PROBLEM TO WORK ON:
Copy each line of the data below exactly, leaving out pictures.

** Opening EXTRACTED RECORDS block **

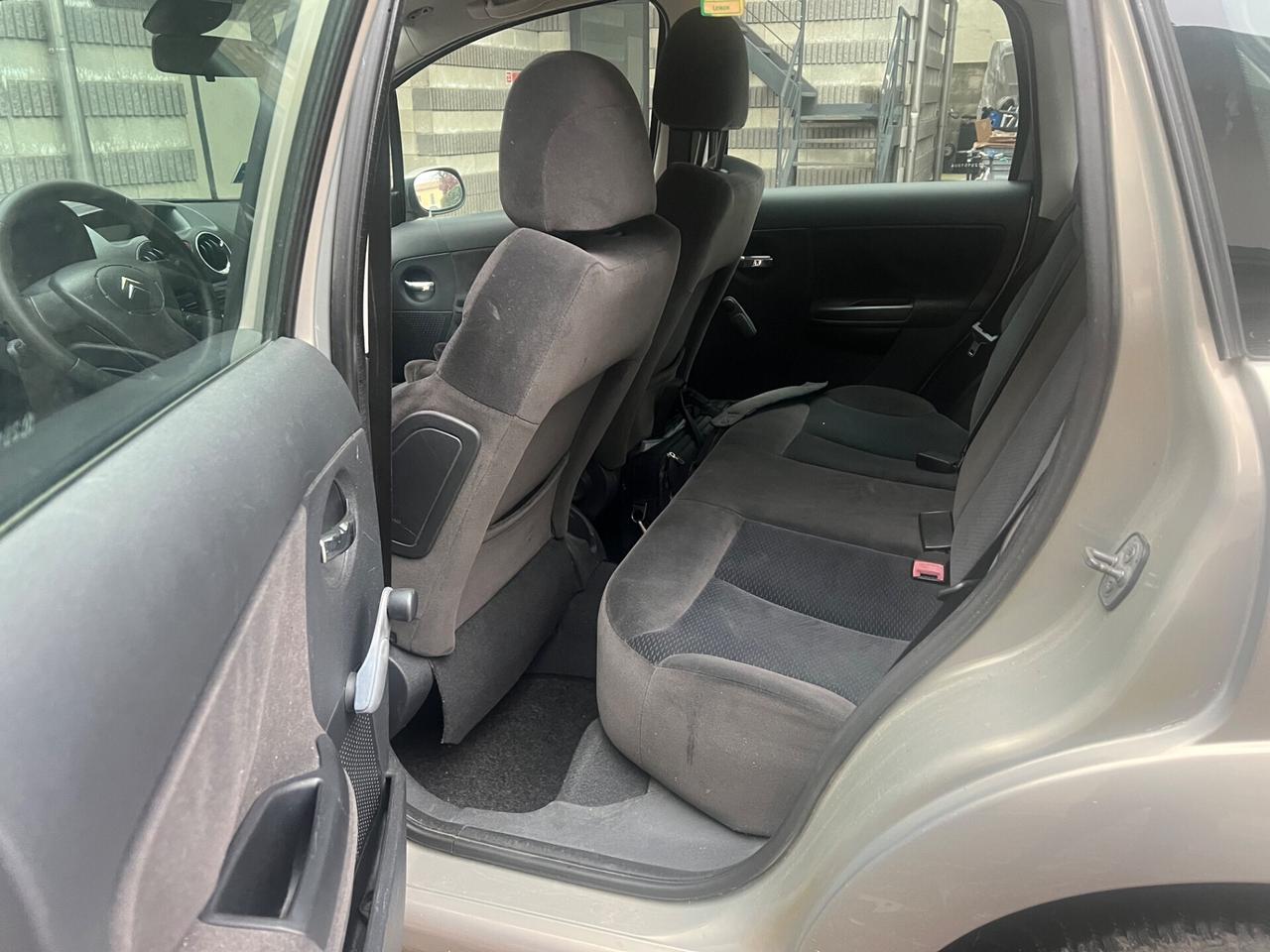 Citroen C3 1.1 Perfect Bi Energy G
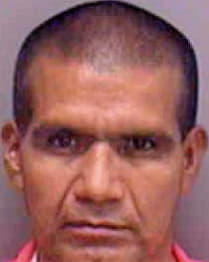 Garcia Alejandro - Lee County, FL 
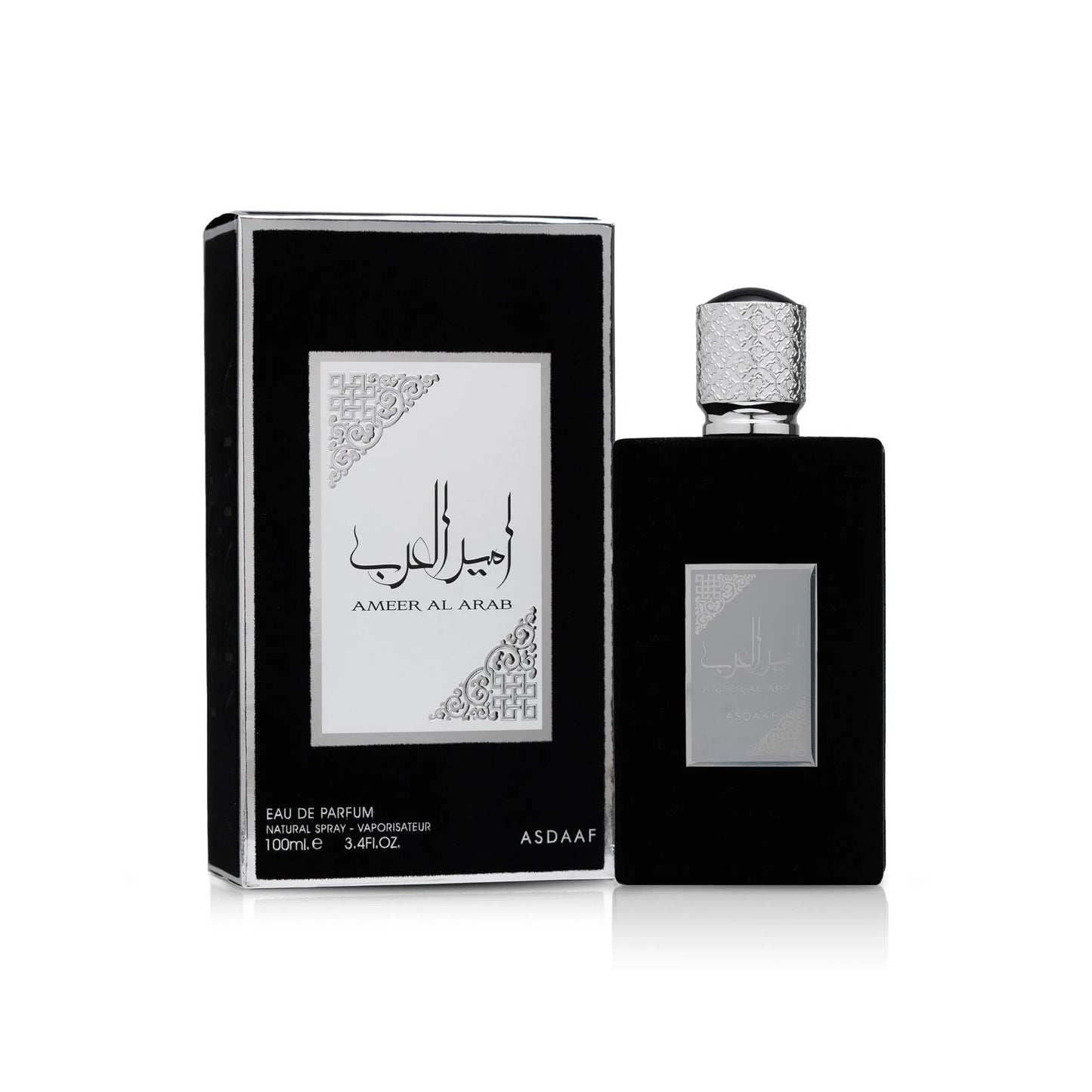 Asdaf Ameer Al Arab EDP 100ML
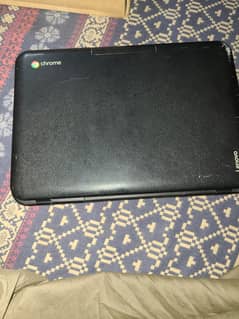 N22 chrome book 4/16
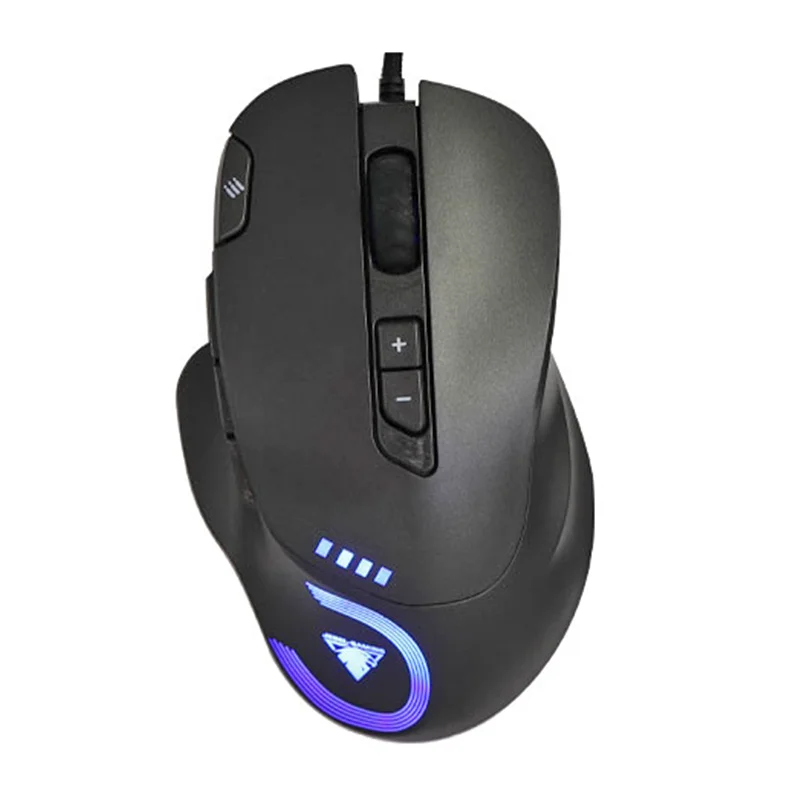 

Jedel Gaming Mouse Wired Game Mouses Backlit Ergonomic Mice Programmable Optical Professional promotion Personalize Logo OEM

** Closing EXTRACTED RECORDS block **

ANSWER BOX:
 Citroen C3 1.1 Perfect Bi Energy G
 Garcia Alejandro - Lee County, FL 
 Asdaf Ameer Al Arab EDP 100ML
 N22 chrome book 4/16

Jedel Gaming Mouse Wired Game Mouses Backlit Ergonomic Mice Programmable Optical Professional promotion Personalize Logo OEM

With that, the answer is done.